Restritos a imagens imóveis, outros também geraram memes ao usar a inteligência artificial para imaginar como seriam filmes e séries populares caso seguissem a receita colorida e excêntrica de Anderson. No YouTube, compilações de imagens como essas vão de "Harry Potter" a "Homem-Aranha".

Para Villas-Bôas, isso se dá porque o texano foi capaz de criar um imaginário estético único, em que códigos e signos convergem para construir uma narrativa. Ela compara a técnica ao trabalho de um arquiteto, que precisa ornar elementos que vão do tijolo à tinta.

"O espectador é provocado a olhar para uma determinada situação ou objeto a partir de uma outra perspectiva. É como pôr uma lente de aumento sobre algo, ampliando as possibilidades de reflexão. A invenção de um universo estético é enriquecedora, para criadores e espectadores", afirma.

Assim, Anderson foi capaz de criar uma grife própria, com uma assinatura forte e que, assim sendo, tanto atrai quanto repele o público, a depender de seus gostos. Afetação, afinal, não é para todos.

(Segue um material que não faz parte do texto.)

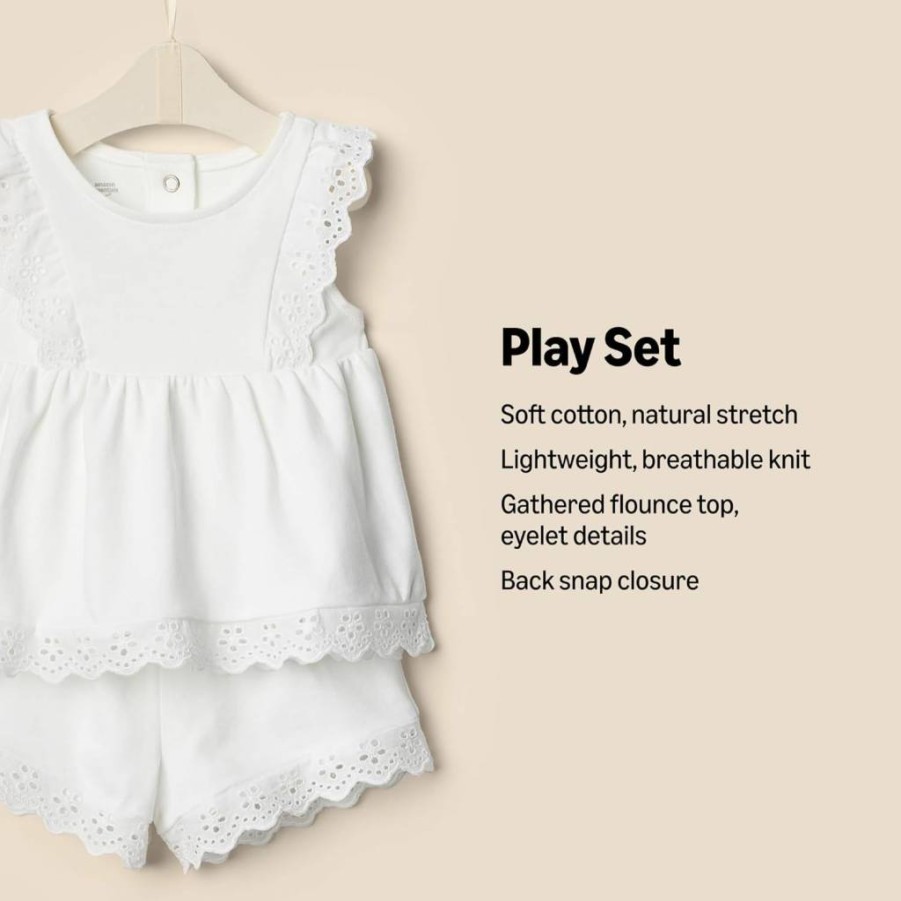 Amazon Essentials Baby Girls' Floral Eyelet Shorts & Top Set - Toddler Summer Outfit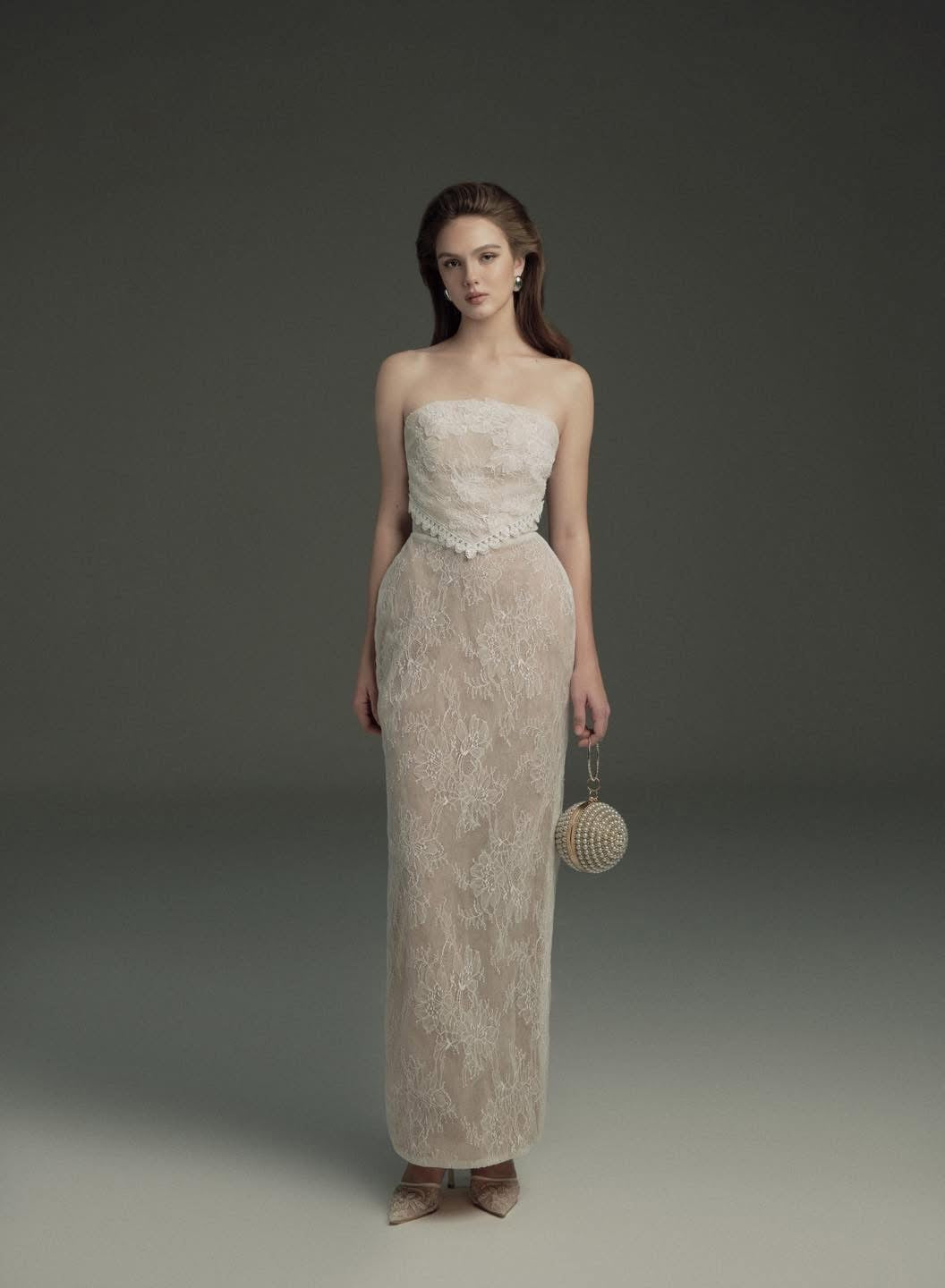 OIA STUDIOS White Lace Elegant Vacation Asmira Maxi Dress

Com suas sete indicações ao Oscar e as várias passagens por festivais de cinema, o cineasta se firmou como um diretor de filmes autorais e já trabalha em seu próximo projeto. "A maravilhosa história de Henry Sugar", que acaba de ter sua primeira imagem divulgada, vai repetir a fórmula, compilando diferentes histórias de um livro, a exemplo das seções de revista que separavam e costuravam "A Crônica Francesa".

Até lá, o lançamento de "Asteroid City" deve servir de combustível para videozinhos em meio a cenários artificialmente adoráveis, que têm sua estaticidade interrompida por objetos aleatórios que invadem a tela quando menos se espera.

 “ASTEROID CITY”
• (EUA, 2023, 105 min.) Direção: Wes Anderson. Com Elenco Scarlett Johansson, Tom Hanks e Jason Schwartzman.
• Em cartaz em salas dos complexos Cineart e Cinemark, no UNA Cine Belas Artes e no Centro Cultural Unimed-BH Minas.